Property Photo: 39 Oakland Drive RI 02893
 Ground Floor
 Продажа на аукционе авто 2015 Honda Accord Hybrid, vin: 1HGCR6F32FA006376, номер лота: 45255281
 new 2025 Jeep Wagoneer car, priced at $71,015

**Task objective:**
In the listing above, take the line containing "Ground Floor" as the start and write out every line through the last one exactly, with nothing added.

**Response:**
 Ground Floor
 Продажа на аукционе авто 2015 Honda Accord Hybrid, vin: 1HGCR6F32FA006376, номер лота: 45255281
 new 2025 Jeep Wagoneer car, priced at $71,015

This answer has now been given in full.